I run into John and Yoko quite frequently at social gatherings; they've been married now for over two years. The group has resigned itself to Yoko, but she and John still usually end up sitting, I'm guessing by choice, off by themselves in another room, huddled in what looks like very intimate conversation. A part of me thinks that is sad, but as I circle, making small talk and trying hard to say nothing that will allow J's friends to question his taste in women, I find my gaze colored by wonder. How content they seem, how happily isolated in their own built-for-two world.
Regardless of the group opinion of this Yoko, and probably all Yokos, there must be a piece of the picture that's being missed. Because John and Yoko spent a week in bed, eating chocolate cake from a bag, and I'm guessing they never once ran out of things to say. Something in Yoko was perfect for John, and who were The Beatles, or the rest of America, or J's small circle of friends, to question it.
It’d be lovely to think that the reason why we don't always understand relationships is because what makes them work is not often visible on the surface. Below the skin, buried deep within the soul, a jagged piece is smoothed out by a snug fit of its jagged match, and the rest of it, the abrasiveness, the crossed-eyes, and the dumpiness, all falls away.

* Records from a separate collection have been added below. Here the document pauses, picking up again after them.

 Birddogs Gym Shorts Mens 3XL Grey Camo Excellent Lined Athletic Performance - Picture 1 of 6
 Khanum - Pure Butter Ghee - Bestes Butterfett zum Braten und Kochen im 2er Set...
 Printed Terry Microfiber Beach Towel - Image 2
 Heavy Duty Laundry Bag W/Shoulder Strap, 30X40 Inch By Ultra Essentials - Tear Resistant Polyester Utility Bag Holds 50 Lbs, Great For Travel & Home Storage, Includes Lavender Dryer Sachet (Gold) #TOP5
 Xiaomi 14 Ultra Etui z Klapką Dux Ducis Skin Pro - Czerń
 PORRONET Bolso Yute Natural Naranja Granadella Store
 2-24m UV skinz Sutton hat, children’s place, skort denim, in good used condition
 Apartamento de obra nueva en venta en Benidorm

My Great Aunt May and Uncle Joe were John and Yoko long before John and Yoko hit the public scene. May was cute and feisty. She was wooed by all the town men for her skill on roller skates and the shape of her legs beneath her short roller skating skirts. Everyone whispered and wondered when she chose to marry the man in town who couldn't count change. But my mom told a story to me last week that I had never heard. Joe, a teenager when my mom was a girl, would let my mom come roller skating with him and his girlfriend (the beautiful and much sought after May). Around and around the rink they would skate with my mother's hands clasped tightly into theirs. That Joe is probably part of the jagged piece that snapped tightly into place for my great aunt. Retired now, they sit on their porch together in the summer while Joe smokes his cigars. My grandmother, one of the more vocal neighsayers back then, will still end a conversation about them with, "Lord knows what they've had to talk about all these years." But last year, my Great Aunt May and Uncle Joe celebrated their 50th wedding anniversary.
I still don’t know what John saw in Yoko. But then again, I don’t know Yoko. And even if I did, I’ll bet the only conclusion I could successfully draw was that she never should have tried her hand at a singing career. One thing I’ll always admire, though, is her ability to stand in the disapproving face of all who questioned her place in a relationship that seemed to work. John and Yokos happen all the time. They may, in fact, be part of the last bit of magic in this world. And yes, I’m fully prepared to accept that someday this will all come back to haunt me. Someday I will try to understand the love that shines in my daughter’s eyes for a guy who won’t make eye contact with me and mumbles monosyllabic replies to my every question. When I’m bemoaning the fact that he seems more Neolithic than Harvard-bound, I’ll take comfort once again with the idea that there must be something else there. You know…a John and Yoko thing.